TASK DESCRIPTION. Repeat all entries below exactly as shown.

# # # #

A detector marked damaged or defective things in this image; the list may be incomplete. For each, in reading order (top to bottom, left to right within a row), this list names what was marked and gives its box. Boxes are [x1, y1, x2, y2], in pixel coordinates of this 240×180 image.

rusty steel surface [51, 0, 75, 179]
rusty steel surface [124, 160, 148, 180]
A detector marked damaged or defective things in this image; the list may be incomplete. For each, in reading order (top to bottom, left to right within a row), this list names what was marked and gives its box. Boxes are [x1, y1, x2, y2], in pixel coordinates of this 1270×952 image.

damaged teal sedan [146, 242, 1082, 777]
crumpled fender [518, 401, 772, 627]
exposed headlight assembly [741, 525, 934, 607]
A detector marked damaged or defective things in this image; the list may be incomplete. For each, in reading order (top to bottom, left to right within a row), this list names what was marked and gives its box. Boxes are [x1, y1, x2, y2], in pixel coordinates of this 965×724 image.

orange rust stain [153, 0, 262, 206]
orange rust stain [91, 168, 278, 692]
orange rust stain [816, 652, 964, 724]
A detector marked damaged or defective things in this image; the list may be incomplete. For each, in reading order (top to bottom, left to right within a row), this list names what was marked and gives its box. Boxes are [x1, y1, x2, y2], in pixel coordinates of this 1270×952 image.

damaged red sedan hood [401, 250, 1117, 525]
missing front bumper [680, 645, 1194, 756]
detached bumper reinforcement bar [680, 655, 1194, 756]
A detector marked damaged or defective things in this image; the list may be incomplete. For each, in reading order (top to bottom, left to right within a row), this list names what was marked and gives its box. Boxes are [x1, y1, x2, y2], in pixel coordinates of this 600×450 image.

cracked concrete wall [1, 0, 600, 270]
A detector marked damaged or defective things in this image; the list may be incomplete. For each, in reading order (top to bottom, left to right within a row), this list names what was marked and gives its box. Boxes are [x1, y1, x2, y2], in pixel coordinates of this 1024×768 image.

# # # #

RESULT BELOW.
A detector marked damaged or defective things in this image; the list may be incomplete. For each, in reading order (top to bottom, left to right within a row), this list names what was marked and gives its box. Boxes are [x1, y1, x2, y2], in pixel coordinates of this 240×180 image.

rusty steel surface [51, 0, 75, 179]
rusty steel surface [124, 160, 148, 180]
A detector marked damaged or defective things in this image; the list may be incomplete. For each, in reading order (top to bottom, left to right within a row), this list names what was marked and gives its box. Boxes are [x1, y1, x2, y2], in pixel coordinates of this 1270×952 image.

damaged teal sedan [146, 242, 1082, 777]
crumpled fender [518, 401, 772, 627]
exposed headlight assembly [741, 525, 934, 607]
A detector marked damaged or defective things in this image; the list may be incomplete. For each, in reading order (top to bottom, left to right within a row), this list names what was marked and gives its box. Boxes are [x1, y1, x2, y2], in pixel coordinates of this 965×724 image.

orange rust stain [153, 0, 262, 206]
orange rust stain [91, 168, 278, 692]
orange rust stain [816, 652, 964, 724]
A detector marked damaged or defective things in this image; the list may be incomplete. For each, in reading order (top to bottom, left to right within a row), this list names what was marked and gives its box. Boxes are [x1, y1, x2, y2], in pixel coordinates of this 1270×952 image.

damaged red sedan hood [401, 250, 1117, 525]
missing front bumper [680, 645, 1194, 756]
detached bumper reinforcement bar [680, 655, 1194, 756]
A detector marked damaged or defective things in this image; the list may be incomplete. For each, in reading order (top to bottom, left to right within a row), this list names what was marked and gives its box. Boxes are [x1, y1, x2, y2], in pixel coordinates of this 600×450 image.

cracked concrete wall [1, 0, 600, 270]
A detector marked damaged or defective things in this image; the list may be incomplete. For each, in reading order (top to bottom, left to right within a row), this list names what was marked and gives its box. Boxes are [x1, y1, x2, y2], in pixel coordinates of this 1024×768 image.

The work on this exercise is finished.